A compromise emerged: the board will recommend support for permitting PUDs citywide while asking council to include a commitment to reevaluate the citywide allowance after the zoning rewrite is completed (board members discussed an interim review window). "We could make a recommendation like that, and maybe the recommendation would be to come and revisit once the zoning rewrite is done," Chair Max Pfeffer said as members coalesced around the language.
Nicholas also told the board that common council is scheduled to vote on the proposal at its May 6 meeting, giving staff and board members a short window to provide formal comments.
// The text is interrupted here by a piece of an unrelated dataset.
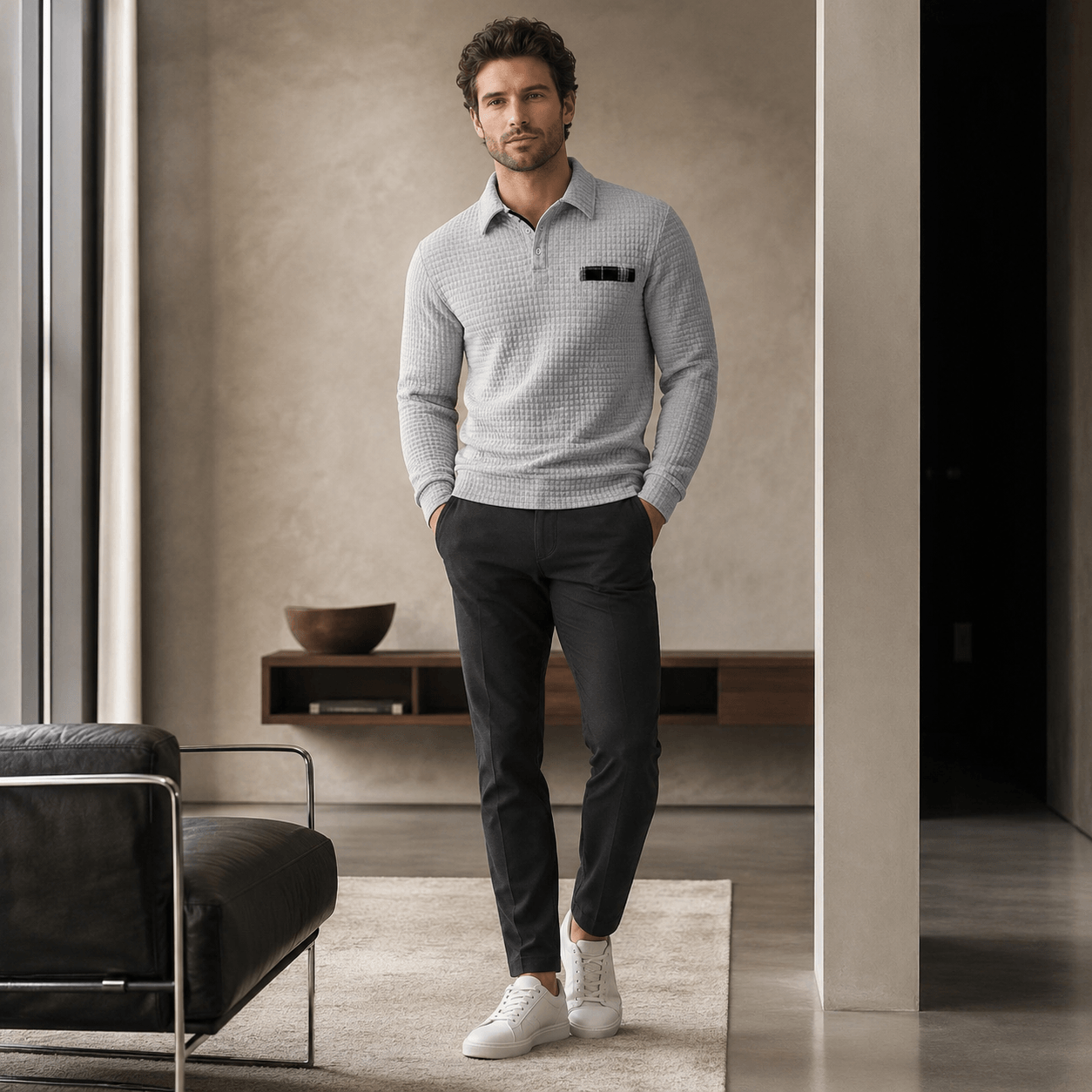 Abini | Polo De Jacquard Texturizado Para Hombre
The board asked staff to draft a recommendation that records the differing member positions — some offering full support for a permanent citywide allowance, others favoring the time-limited or reevaluation approach — and to circulate it to members for comment before submission to council.
The planning board's role if a PUD advances would include environmental review and detailed site-plan negotiation, Nicholas said, giving the board leverage to shape final site-level outcomes even after an initial conceptual approval by council.
The board's recommendation will be submitted to common council ahead of next week's vote. No vote tally of the board's recommendation was recorded on the transcript; staff said they would prepare and circulate a written recommendation reflecting the discussion.
The planning board adjourned after completing its agenda.